The Heliocentrics – A World Of Masks
A dieci anni dall’inizio della loro carriera, i The Heliocentrics continuano a sfuggire da qualsiasi tentativo di definizione di genere o, se proprio una collocazione dobbiamo cercarla, possiamo dire che di categorie musicali l’ensemble della East London sembra averne sperimentate molte. In questo caso però, per sperimentazione non intendiamo un veloce quanto intenso attraversamento di generi e mood più o meno vicini alla propria originale vocazione, ne’ il tentativo di ricercarsi e ricrearsi in nuove dimensioni e assicurare in questo modo la sopravvivenza della band alla contemporaneità. No, per sperimentale qui intendiamo una precisa identità definita nella commistione e perfetta integrazione di musica jazz, etnica, cosmica o, per allargare l’orizzonte di riferimento, musica ambient. Proprio pensando a quest’ultima, si dice che la musica ambient evochi atmosfere visive sacrificando ritmo e melodia e lasciando che l’ascolto diventi un’esperienza sinestetica quasi al confine con la trascendenza dal reale. Nel caso degli Heliocentrics ciò è tanto più vero se si considera che le linee melodiche si confondono tra i bruciatori di incenso in un ambiente etnico, i calici di vino di una serata jazz e la musica cosmica della Berlino Ovest negli anni 70.
Dove siamo quindi? Ebbene, siamo a un punto di svolta nella carriera della band britannica. La libertà espressiva, come la curiosità esplorativa, è un bicchiere bucato, così quanta più acqua vi si versa tanta più ne scorre via lasciando il recipiente vuoto e la sete inappagata. Questo i The Heliocentrics lo sanno e non a caso, dopo 10 anni e con la nuova produzione A world of masks, decidono di abbandonare (anche se non del tutto) l’esecuzione esclusivamente strumentale per introdurre nell’ensemble le corde di una voce umana che risponde al nome della slovena Barbora Patkova.
Meravigliosa, la voce della Patkova accompagna, talvolta dirige, (come nella opentrack Made of sun), clarinetti e trombe, disegnando con una danza vocale i canovacci per l’esecuzione strumentale. La immaginiamo invece ad occhi chiusi nell’esecuzione di Time, la traccia immediatamente successiva sospesa in un tentativo di contatto simbiotico con il resto dell’universo.
Più evidente la matrice jazz in Human zoo che si perde in un reef di fiati che arriva fino alla fine del pezzo, mentre la titletrack A world of masks è una perfetta sintesi della cifra stilistica del gruppo britannico.
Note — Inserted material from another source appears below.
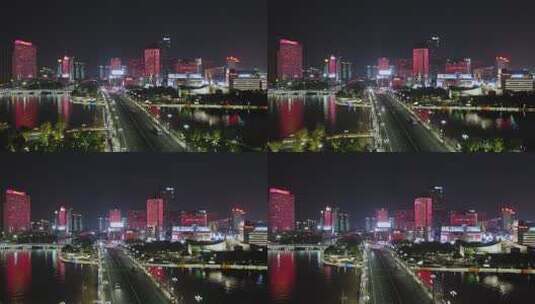 宁波金融区建筑群夜景新江桥城市交通高清在线视频素材下载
Qui l’influenza etnica prende le vesti di un donna che grida un lamento antico, un po’ come le voci gitane della musica balcanica accompagnate però da chitarra elettrica e batteria in pieno stile Krautrock: sette minuti e quarantasette di spettacolo.
Acrobazie vocali, chitarre noise, fiati, violini, percussioni: è difficile conservare un equilibrio con i The Heliocentrics, eppure loro ci riescono e la stabilità la trovano proprio nell’andare al di là di qualsiasi aspettativa, perdendo di vista la riva e pure la boa di salvataggio.
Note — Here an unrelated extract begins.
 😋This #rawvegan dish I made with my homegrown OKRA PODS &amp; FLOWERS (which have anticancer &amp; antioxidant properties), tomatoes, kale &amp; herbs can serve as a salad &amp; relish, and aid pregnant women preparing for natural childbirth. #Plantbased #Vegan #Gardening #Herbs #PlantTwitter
È questa d’altra parte la naturale inclinazione dell’ensemble che, in perfetta adesione alla teoria astronomica dell’eliocentrismo, tiene fermo un punto di riferimento per ruotare intorno ad esso in un movimento libero, catartico, ispirato.
Siamo in pieni anni 70 con Oh brother fino a quando il reef di chitarra non inciampa nella voce della Patkova che questa volta assume un colore nero intenso che ricorda quello di Billy Holiday davanti a un microfono degli anni 40.
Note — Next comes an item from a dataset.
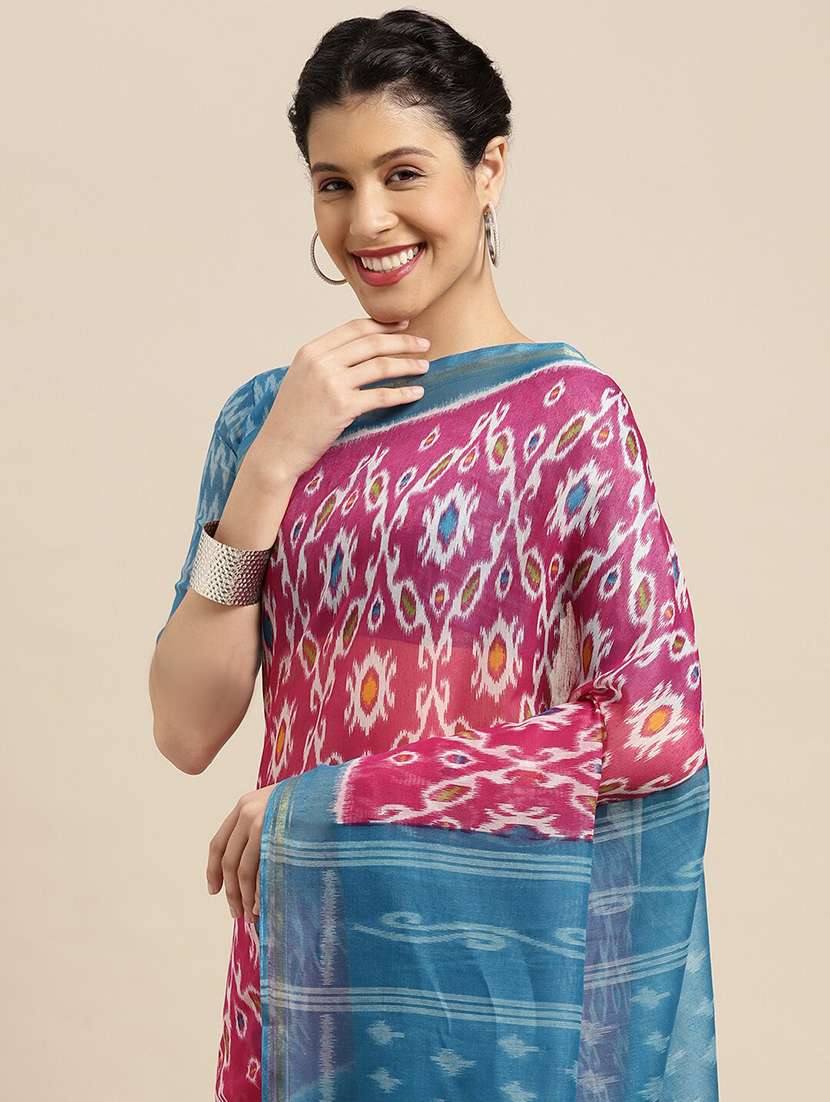 pink cotton blend printed saree - 18281933 -  Standard Image - 2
Square wave e The uncertainty principle sono i brani che, in quest’ordine, chiudono l’album; sono pezzi strumentali che la band sceglie a commiato di un disco che ha inizio, invece, con la novità del cantato nella storia del gruppo. Ad ascoltarli viene in mente la scena di chiusura di un concerto, quando la band ha già salutato il pubblico ed i fonici fanno partire una musica di accompagnamento allo sfollamento di prato e spalti.
È così quindi che gli Heliocentrics si congedano dagli ascoltatori di un album che, è necessario dirlo, non sazia al primo ascolto ma chiede di essere assaporato ancora nella sua policromìa, nelle sue numerose influenze e sorprese. Tanto ce n’è per tutti i gusti musicali purchè, sia chiaro, chi si pone all’ascolto sia capace di apprezzarne la preziosa coesistenza.